The Wall’s story begins in the late 1960’s in the back of an old station wagon heading through California’s Joshua Tree wilderness.  Young Jeannette (Chandler Head) is already questioning her father Rex’s (Woody Harrelson) motives.  She’s barely pushing 8-years old when she mentions that her friends think they should go to a real school.  She’s recently burned her midsection on the stove boiling hot dogs and after a short stint in the hospital her family is off on their next adventure, packing up all their belongings and heading…somewhere.

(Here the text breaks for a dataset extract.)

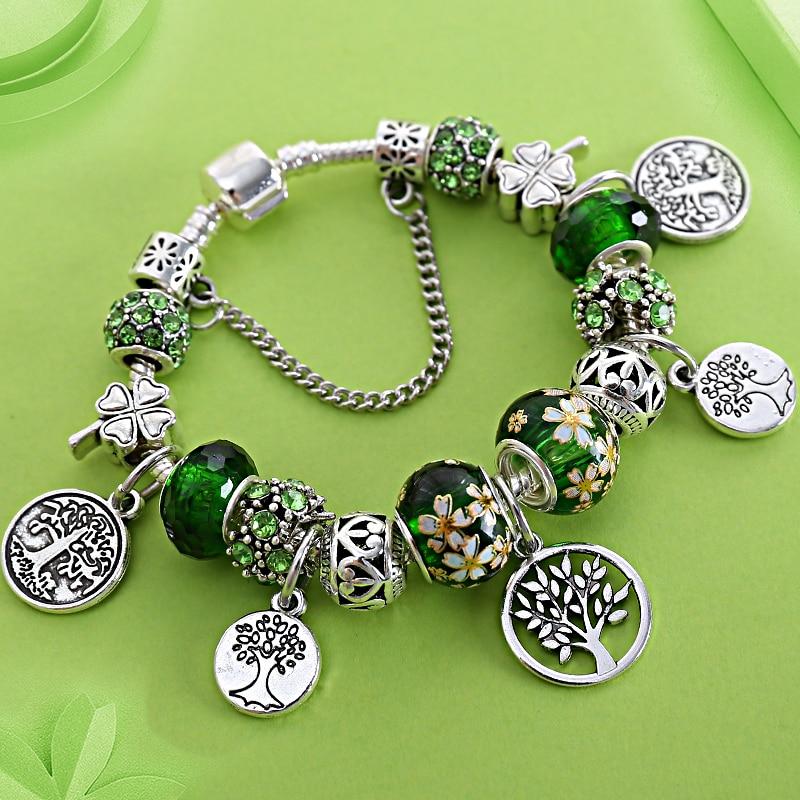Tree of life bracelet in silver and crystal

This vagabond nature is mostly self-inflicted.  Rex is a dreamer who believes his family deserves the best while he struggles to hold a job down for seemingly any time at all.  They rent beaten down homes, Rex drinks, Rose Mary (Naomi Watts,) his wife, makes excuses for him and turns a blind eye while the kids largely take care of themselves – rinse and repeat.

Director Destin Daniel Cretton (Short Term 12) chooses to cut these vignettes of the family with the story of Jeannette (Brie Larson) as a New York Magazine gossip columnist in the late-80’s.  Here we see what she’s become because of her adolescent punishment.  Adult Jeanette is successful and engaged to a Wall Street pushover called David (Max Greenfield.)  We learn that her parents have followed she and her siblings to the city and are squatting in an abandoned building on the lower Eastside.  She doesn’t ignore them but now fully comprehends who they are and what they’ve become.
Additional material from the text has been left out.